The Creevey Papers
Lord Lauderdale to Thomas Creevey, [February? 1819]
“London, no date [1819].
“. . . Lord
Lascelles’ son has married Harriet Wilson’s sister: Lord
Langford’s—an old wretch of the name of
Aylmer, and there are some people who express a dread
that young Whitbread will marry a woman
who lives with him. Lord Byron’s
poem,* which I brought to England,
is returned to Venice. Murray the
Bookseller is afraid of printing it.
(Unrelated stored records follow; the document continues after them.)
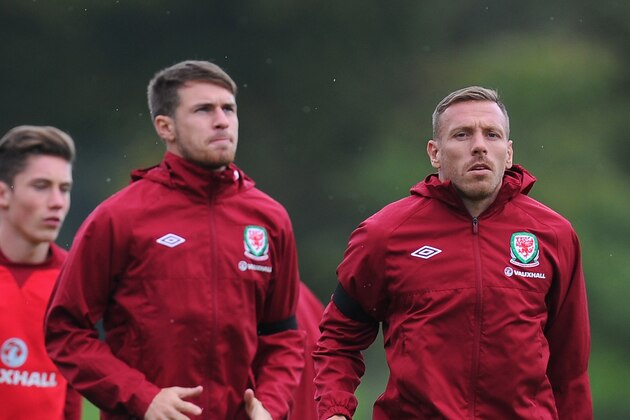 CARDIFF, WALES - OCTOBER 14:  Wales players Craig Bellamy (r) Aaron Ramsey (2nd right) and Harry Wilson (3rd right) in action during Wales training ahead of their World Cup qualifier against Belguim tomorrow night at the Vale Complex on October 14, 2013 in Cardiff, Wales.  (Photo by Stu Forster/Getty Images)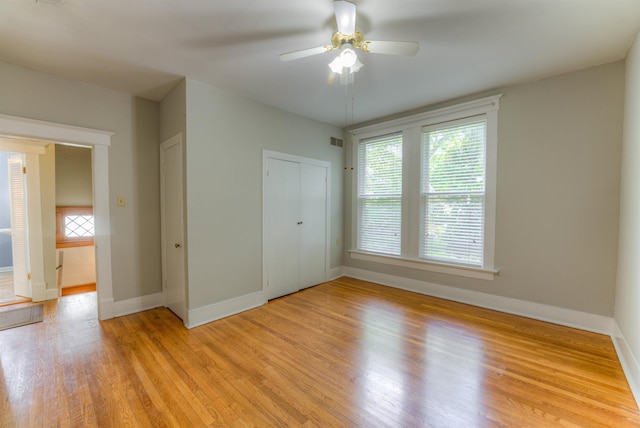 1692 Carruthers Pl, Memphis, TN 38112 - unfurnished bedroom featuring light wood-type flooring and ceiling fan
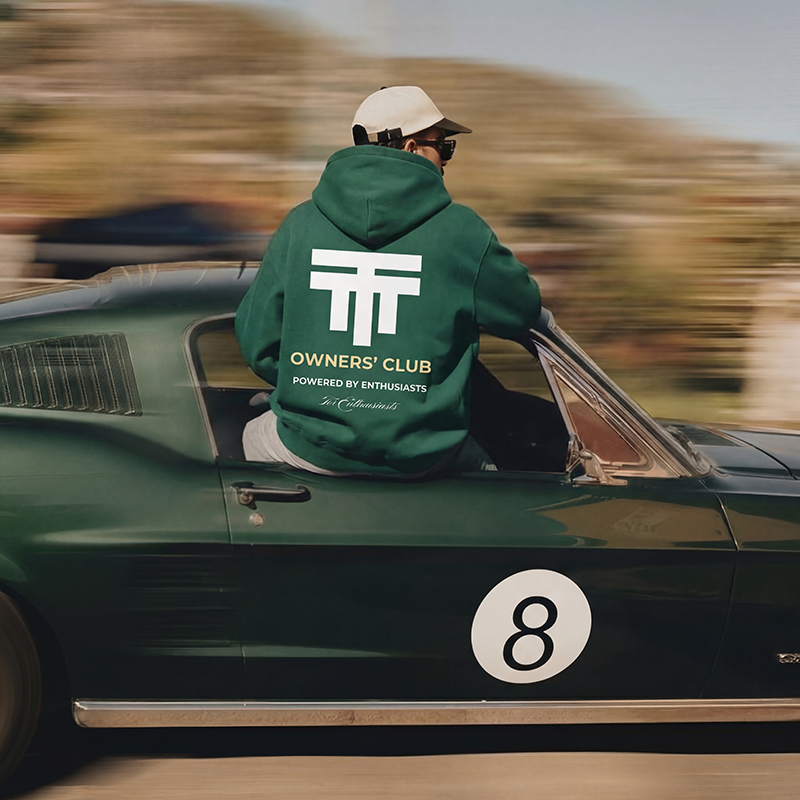 Person wearing a green hoodie with 'Twenty Two Tuning Owners Club' logo sitting on a vintage car.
Rogers’s Poem, entitled ‘Human Life,’ is favorably talked of.
Poor man, he treats himself upon these occasions as a woman does: he has shut
himself up, and seems to think it necessary not to go out till his month is
up.”
Henry Lascelles, second earl of Harewood (1767-1841)
Son of the first earl (d. 1820); he was Lord-Lieutenant of the West Riding, Yorkshire,
and a Tory MP for Yorkshire (1796-1806), Westbury (1807-12), and Northallerton
(1818-20).
John Murray II (1778-1843)
The second John Murray began the
Quarterly Review in 1809 and
published works by Scott, Byron, Austen, Crabbe, and other literary notables.
Samuel Rogers (1763-1855)
English poet, banker, and aesthete, author of the ever-popular
Pleasures of Memory (1792),
Columbus (1810),
Jaqueline (1814), and
Italy (1822-28).
Samuel Charles Whitbread (1796-1879)
Of Southill Park, Bedfordshire, the son of the politician (d. 1815); he was a Whig MP for
Middlesex (1820-30), justice of the peace and F.R.S.
Harriette Wilson [née Dubouchet] (1786-1845)
English courtesan given to blackmailing her admirers; she was author of
Memoirs of Harriette Wilson, written by Herself, 4 vols (1825).
George Gordon Byron, sixth Baron Byron (1788-1824)
Don Juan. (London: 1819-1824). A burlesque poem in ottava rima published in installments: Cantos I and II published in
1819, III, IV and V in 1821, VI, VII, and VIII in 1823, IX, X, and XI in 1823, XII, XIII,
and XIV in 1823, and XV and XVI in 1824.